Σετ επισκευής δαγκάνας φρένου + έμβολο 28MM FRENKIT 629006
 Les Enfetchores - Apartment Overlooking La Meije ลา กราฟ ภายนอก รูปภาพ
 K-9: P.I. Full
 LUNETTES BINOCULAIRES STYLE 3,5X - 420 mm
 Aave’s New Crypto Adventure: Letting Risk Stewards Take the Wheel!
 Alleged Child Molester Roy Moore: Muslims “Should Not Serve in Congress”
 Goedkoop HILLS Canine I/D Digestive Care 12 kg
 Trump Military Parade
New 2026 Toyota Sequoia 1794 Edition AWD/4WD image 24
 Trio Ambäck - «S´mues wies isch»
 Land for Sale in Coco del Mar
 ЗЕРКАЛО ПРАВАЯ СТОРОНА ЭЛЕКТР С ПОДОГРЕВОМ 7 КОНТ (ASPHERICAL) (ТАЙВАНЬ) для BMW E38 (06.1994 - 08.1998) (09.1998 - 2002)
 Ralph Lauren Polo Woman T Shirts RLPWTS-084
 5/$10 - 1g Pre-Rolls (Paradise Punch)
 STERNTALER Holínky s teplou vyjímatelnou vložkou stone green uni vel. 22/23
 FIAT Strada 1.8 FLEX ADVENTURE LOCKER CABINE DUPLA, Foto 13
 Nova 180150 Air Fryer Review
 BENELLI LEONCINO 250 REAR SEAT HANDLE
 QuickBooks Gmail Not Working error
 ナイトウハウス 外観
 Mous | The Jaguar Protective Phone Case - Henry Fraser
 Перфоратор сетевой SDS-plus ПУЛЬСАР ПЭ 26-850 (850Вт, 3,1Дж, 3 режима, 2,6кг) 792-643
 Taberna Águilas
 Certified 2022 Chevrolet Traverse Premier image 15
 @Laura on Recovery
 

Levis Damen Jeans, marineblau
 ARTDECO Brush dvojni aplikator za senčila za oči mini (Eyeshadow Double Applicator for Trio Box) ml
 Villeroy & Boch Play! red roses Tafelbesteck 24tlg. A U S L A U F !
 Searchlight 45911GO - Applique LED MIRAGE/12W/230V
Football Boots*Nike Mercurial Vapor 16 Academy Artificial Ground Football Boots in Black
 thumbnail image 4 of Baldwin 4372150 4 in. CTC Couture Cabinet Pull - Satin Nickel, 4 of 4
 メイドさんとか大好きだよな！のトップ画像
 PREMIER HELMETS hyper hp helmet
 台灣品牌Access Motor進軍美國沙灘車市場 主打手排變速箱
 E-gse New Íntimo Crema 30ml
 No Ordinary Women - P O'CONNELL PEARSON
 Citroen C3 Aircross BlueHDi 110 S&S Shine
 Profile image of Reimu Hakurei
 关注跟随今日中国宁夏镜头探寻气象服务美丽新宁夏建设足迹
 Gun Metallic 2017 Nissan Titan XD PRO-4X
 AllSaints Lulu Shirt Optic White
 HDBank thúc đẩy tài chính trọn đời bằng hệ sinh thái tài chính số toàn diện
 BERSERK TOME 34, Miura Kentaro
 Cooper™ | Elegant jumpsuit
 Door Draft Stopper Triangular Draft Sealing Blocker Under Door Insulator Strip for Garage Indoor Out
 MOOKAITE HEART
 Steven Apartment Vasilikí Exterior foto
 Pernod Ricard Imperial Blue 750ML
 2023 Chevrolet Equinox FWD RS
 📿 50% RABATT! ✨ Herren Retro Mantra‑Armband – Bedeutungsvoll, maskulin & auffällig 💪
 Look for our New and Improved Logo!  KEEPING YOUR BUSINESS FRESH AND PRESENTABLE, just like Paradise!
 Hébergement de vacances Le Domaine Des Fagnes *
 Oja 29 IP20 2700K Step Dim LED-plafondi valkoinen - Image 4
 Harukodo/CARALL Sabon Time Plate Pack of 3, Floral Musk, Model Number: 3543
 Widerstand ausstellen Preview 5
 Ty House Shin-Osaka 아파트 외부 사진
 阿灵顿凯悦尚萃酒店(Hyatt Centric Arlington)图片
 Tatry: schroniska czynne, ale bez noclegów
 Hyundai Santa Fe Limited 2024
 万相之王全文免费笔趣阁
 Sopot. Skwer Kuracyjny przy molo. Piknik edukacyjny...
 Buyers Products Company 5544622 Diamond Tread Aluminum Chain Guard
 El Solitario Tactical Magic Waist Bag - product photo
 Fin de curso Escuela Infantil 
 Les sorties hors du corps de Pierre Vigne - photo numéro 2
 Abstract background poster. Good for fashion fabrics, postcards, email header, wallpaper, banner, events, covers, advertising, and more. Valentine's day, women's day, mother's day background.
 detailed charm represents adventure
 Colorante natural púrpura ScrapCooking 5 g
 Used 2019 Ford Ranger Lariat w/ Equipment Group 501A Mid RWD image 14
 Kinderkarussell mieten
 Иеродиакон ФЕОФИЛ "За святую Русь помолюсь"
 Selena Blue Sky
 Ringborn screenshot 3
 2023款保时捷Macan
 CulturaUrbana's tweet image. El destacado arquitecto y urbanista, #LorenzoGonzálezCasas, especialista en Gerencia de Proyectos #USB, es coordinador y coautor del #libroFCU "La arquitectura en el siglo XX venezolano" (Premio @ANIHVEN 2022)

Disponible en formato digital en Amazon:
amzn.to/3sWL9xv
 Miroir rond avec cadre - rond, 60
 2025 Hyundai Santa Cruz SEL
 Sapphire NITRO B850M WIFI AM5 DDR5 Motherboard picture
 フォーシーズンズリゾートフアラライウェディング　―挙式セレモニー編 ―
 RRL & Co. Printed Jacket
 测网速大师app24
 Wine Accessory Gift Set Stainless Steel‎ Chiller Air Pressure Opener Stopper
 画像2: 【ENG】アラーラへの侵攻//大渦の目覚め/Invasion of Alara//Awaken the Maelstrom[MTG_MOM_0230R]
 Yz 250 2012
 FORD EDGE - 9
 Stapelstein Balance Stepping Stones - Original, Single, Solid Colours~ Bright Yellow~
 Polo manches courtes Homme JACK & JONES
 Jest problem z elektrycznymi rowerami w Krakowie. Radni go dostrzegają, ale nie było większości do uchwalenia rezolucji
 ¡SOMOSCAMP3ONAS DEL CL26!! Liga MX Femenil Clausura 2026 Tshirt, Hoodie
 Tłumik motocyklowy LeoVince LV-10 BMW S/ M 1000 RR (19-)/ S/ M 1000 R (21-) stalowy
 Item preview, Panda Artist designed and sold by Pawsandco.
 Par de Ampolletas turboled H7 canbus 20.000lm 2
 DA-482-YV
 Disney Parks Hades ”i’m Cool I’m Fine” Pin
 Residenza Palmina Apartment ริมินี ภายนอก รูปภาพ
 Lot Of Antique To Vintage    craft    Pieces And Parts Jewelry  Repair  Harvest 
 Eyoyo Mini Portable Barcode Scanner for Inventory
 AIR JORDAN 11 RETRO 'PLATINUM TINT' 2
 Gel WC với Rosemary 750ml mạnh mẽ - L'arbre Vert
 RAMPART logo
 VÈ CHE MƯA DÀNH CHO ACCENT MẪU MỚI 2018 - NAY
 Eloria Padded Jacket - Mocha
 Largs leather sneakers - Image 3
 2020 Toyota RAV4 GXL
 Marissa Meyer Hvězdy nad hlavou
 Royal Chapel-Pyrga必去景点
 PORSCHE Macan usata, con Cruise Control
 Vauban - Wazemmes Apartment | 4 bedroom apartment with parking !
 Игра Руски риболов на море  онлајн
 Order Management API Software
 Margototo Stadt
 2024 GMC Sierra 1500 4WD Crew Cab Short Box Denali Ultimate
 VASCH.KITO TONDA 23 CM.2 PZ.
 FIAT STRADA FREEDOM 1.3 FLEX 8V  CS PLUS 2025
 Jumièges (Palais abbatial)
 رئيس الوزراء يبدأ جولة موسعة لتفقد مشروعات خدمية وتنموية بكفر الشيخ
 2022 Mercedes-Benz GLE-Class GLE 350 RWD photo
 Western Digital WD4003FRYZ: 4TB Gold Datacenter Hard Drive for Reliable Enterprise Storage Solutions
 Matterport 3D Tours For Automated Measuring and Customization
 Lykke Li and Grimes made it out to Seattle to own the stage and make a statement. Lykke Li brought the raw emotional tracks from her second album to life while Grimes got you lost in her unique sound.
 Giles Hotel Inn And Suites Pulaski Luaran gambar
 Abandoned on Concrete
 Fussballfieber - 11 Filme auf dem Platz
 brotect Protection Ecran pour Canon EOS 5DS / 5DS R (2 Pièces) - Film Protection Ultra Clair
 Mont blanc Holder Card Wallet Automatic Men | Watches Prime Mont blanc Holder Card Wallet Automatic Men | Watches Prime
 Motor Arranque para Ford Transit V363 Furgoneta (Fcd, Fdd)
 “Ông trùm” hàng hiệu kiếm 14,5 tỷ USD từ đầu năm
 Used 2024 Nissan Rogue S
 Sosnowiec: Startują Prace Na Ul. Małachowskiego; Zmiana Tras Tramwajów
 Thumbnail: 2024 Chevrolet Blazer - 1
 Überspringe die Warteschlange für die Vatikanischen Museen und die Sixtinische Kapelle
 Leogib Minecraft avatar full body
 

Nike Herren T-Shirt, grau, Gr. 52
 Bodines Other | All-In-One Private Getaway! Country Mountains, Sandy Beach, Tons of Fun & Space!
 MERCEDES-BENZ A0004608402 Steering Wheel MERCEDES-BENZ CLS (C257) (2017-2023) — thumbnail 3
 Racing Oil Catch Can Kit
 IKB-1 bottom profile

------

## Task instructions
Copy the records above exactly, beginning at the line that contains "关注跟随今日中国宁夏镜头探寻气象服务美丽新宁夏建设足迹" and stopping after the line that contains "Cooper™ | Elegant jumpsuit".

## Output below
 关注跟随今日中国宁夏镜头探寻气象服务美丽新宁夏建设足迹
 Gun Metallic 2017 Nissan Titan XD PRO-4X
 AllSaints Lulu Shirt Optic White
 HDBank thúc đẩy tài chính trọn đời bằng hệ sinh thái tài chính số toàn diện
 BERSERK TOME 34, Miura Kentaro
 Cooper™ | Elegant jumpsuit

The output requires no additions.